Applications are powerful. They are essentially super motions for summary judgment. There are no pleadings, just a Notice of Application, there can be cross-examinations, regardless of the amount at issue, and typically one can get a hearing date rather quickly.
In the Farah case, mentioned at the start of this post, Ms. Farah’s employment was terminated on November 23, 2016. The Notice of Application was issued on January 3, 2017, and the application was heard by the court on April 25, 2017. Judgement was delivered on June 27, 2017, roughly seven months following termination.
In expressly approving the method chosen by the parties for the resolution of the matter, the Honourable Justice Stanley Kershman, who heard the application, wrote the following at paragraph 23 of his reasons for decision:
… this Court finds, that this matter is appropriate for resolution by way of an application under r. 14.05(3) of the Rules of Civil Procedure, R.R.O. 1990, Reg. 194.

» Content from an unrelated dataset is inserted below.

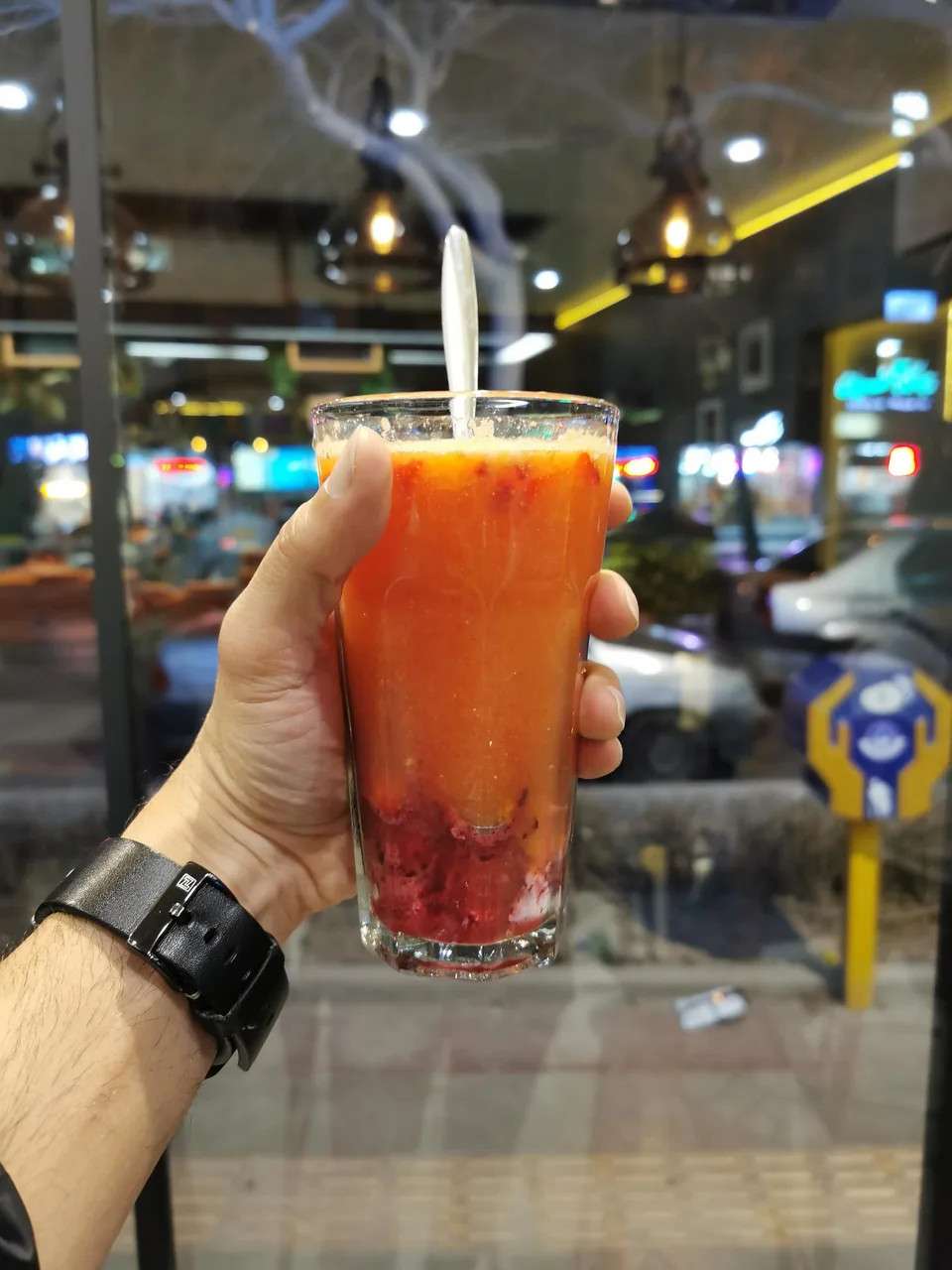 آبمیوه دریا کنار - تصویر 4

Pretty clear for anyone considering employing such an approach in the future.
Takeaways for Employees with Labour Pains
The takeaway from this case for employees is that your case need not necessarily take a long time to get before a judge. Moreover, it is possible that you can ‘sue’ your employer and never have to step foot in a courtroom. In the Farah case, I can confirm that the applicant never stepped foot in any office other than mine. He did not have to attend in court or take the witness box.
Takeaways for Employers with Labour Pains
No one likes spending money on legal fees when they don’t have to. If you find yourself on the receiving end of a demand letter and believe that you are correct in your position, you should not have to spend any more money than is necessary to defend your position. If plaintiff’s counsel refuses to go away, consider having them start the case by way of application.--
As always, everyone’s situation is different. The above is not intended to be legal advice for any particular situation. It is always prudent to seek professional legal advice before making any decisions with respect to your own case.